■ **TASK INSTRUCTIONS**: Leaving the pictures aside, return all of the data below exactly.

■ **SUPPLIED DATA**:
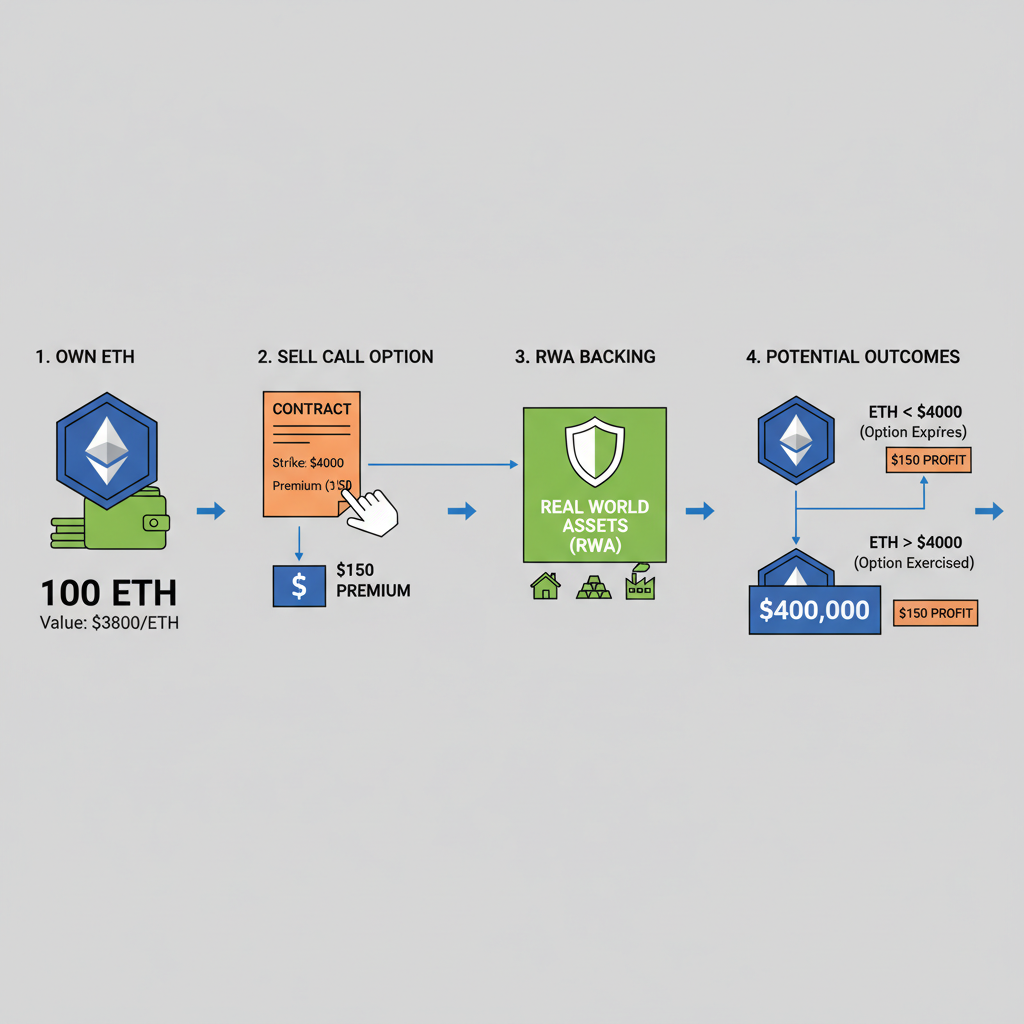 Selling covered call on owned ETH strike $4000 premium $150, RWA backing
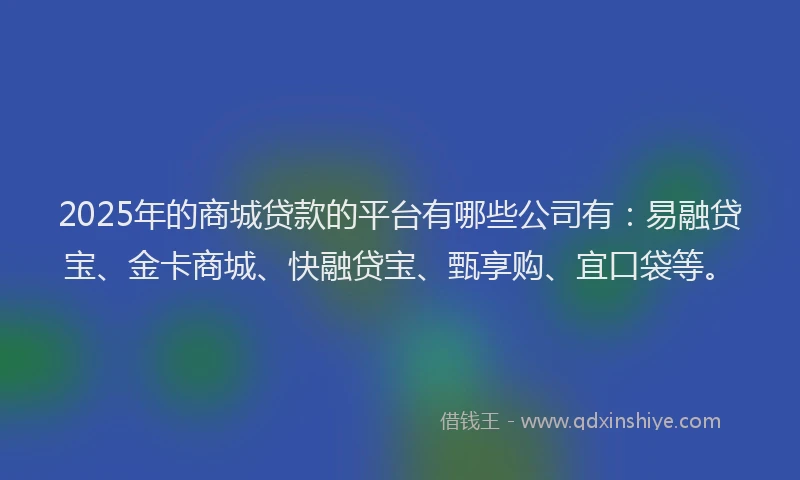 2025年的商城贷款的平台有哪些公司有：易融贷宝、金卡商城、快融贷宝、甄享购、宜口袋等。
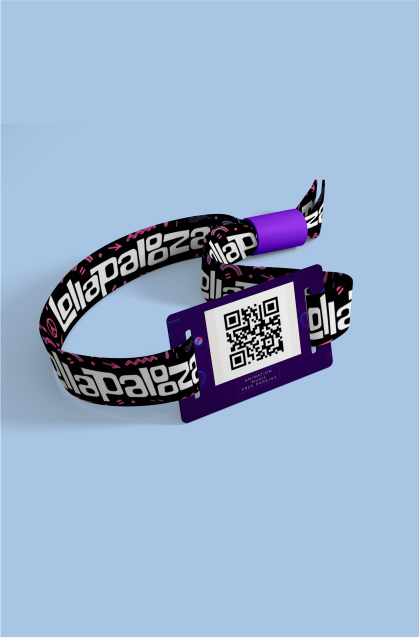 Manilla QR personalizada para Lolla Palooza con impresión a color de alta calidad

■ **ANSWER SPACE**:
 Selling covered call on owned ETH strike $4000 premium $150, RWA backing
 2025年的商城贷款的平台有哪些公司有：易融贷宝、金卡商城、快融贷宝、甄享购、宜口袋等。
 Manilla QR personalizada para Lolla Palooza con impresión a color de alta calidad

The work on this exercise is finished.